Réforme des institutions : pour éviter un énième colmatage aux vapeurs d’opium

Face à la crise actuelle, la recherche de nouvelles solutions, voire de bouc-émissaires, passe par une remise en question des institutions. Il est un fait que le monde politique, responsable des choix et des grandes orientations des dernières décennies et plus en amont des derniers siècles, porte une responsabilité certaine quant à la situation critique dans laquelle se trouvent la France, et plus largement le monde. Ils ont pris des décisions qui se sont durablement inscrites dans notre paysage quotidien. Parfois, souvent même, avec les meilleures intentions, ils ont voulu changer les choses pour rendre le monde meilleur, ou en tout cas, pour lui donner les contours de ce qu’ils imaginaient être le plus beau des mondes. Car soyons justes avec ces politiques si décriés, on ne s’engage pas en politique sans un certain idéal et au service d’une cause qui dépasse son pré carré et pour laquelle on se donne. Bien entendu, les opportunistes, les carriéristes et les véreux, existent. Il est même possible qu’ils soient en nombre croissant ces dernières années. Mais après tout, Cicéron déjà regrettait cet âge d’or d’autrefois, sempiternellement meilleur que cet âge sombre d’aujourd’hui.

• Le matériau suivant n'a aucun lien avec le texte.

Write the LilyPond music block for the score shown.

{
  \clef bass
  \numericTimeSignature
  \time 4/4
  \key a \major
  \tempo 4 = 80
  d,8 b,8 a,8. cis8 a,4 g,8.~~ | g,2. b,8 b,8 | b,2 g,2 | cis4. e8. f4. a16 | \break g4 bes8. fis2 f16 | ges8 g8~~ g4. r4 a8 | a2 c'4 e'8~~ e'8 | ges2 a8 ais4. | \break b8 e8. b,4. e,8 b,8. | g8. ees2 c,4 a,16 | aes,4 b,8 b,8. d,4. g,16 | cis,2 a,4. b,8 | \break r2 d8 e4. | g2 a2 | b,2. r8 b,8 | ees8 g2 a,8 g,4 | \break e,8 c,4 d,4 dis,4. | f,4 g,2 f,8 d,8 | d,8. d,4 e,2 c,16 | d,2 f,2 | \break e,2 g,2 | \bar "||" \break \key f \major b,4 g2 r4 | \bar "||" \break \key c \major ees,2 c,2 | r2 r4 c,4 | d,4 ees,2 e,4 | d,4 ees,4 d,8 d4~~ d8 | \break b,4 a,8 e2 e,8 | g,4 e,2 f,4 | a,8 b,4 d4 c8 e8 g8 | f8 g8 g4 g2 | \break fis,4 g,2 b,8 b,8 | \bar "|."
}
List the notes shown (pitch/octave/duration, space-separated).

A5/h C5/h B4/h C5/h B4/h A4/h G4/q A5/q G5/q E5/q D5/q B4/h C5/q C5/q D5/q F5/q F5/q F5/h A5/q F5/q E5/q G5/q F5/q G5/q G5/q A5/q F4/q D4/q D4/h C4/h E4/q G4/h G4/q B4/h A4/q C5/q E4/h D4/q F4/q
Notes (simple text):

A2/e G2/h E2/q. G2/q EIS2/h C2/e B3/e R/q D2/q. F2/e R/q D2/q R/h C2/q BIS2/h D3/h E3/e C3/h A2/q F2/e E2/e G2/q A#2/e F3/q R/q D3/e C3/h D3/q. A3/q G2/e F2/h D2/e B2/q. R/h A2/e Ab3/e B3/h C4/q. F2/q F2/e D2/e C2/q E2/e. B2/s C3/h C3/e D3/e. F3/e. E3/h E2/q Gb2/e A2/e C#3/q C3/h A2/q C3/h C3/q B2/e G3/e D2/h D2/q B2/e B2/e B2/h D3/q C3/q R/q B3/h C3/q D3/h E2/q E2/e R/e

Aussi la tentation est-elle forte de rejeter le bébé avec l’eau du bain et de donner à nos angoisses existentielles légitimes des responsables-coupables à lyncher. Comme souvent, la réalité est bien plus complexe que cela, plus subtile aussi. Il y a les hommes avec leur génie et leur trivialité c’est vrai, mais ils ne sont qu’une infime partie de la toile d’araignée complexe qui nous fait au moment M prendre la décision D. Aussi, et aujourd’hui plus que jamais, la solution à la crise que nous traversons est-elle globale. Aujourd’hui plus que jamais, car tout est mondialisé et parce que nous sommes descendus si bas que nous approchons du nœud gordien, de la racine même de cette crise multiforme qui pourtant n’a qu’un visage, la déshumanisation de l’homme et de la société.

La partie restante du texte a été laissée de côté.